Je dirai pour finir que si Theodor s’est imposé à notre mémoire, c’est avant tout parce qu’il fut un excellent chef d’orchestre. La direction d’orchestre est un métier qui exige des compétences nombreuses et variées, sollicitées à des niveaux très élevés. Outre des compétences techniques et artistiques, il y faut des compétences humaines, qui permettent au chef d’entretenir de bonnes relations avec ses partenaires musicaux et administratifs. Pour avoir tenu pendant quinze ans à la tête de l’OPS, Theodor dut ne manquer ni des unes ni des autres.
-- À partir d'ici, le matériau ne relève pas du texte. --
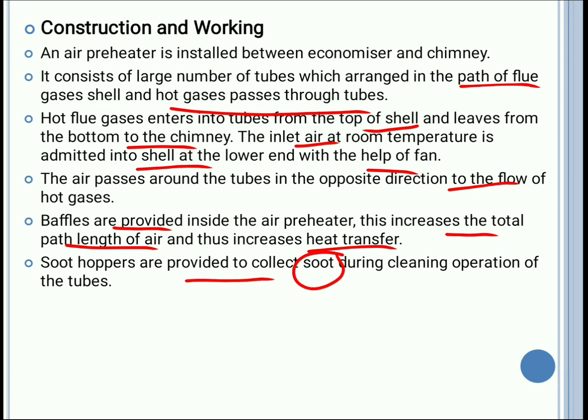Soot consists of burnout particles collected during the cleaning operation of the tubes. This is how the air preheater works.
Et aujourd’hui encore, dans cette ville où il a choisi de s’installer définitivement, Theodor a gardé les meilleurs contacts avec un grand nombre de personnes: au Conservatoire où il assure encore des master class, à proximité de l’OPS puisqu’il est président du chœur philharmonique que dirige Catherine Bolzinger, et puis, bien sûr auprès du public – celui qui est encore là pour se souvenir des concerts auxquels il a assisté de 1983 à 1997 (et même après), et qui sera heureux de retrouver son chef bienaimé sur les ondes d’Accent 4 le lundi 30 septembre de 18h à 20h, ainsi que sur le blog de la radio au-delà de cette date.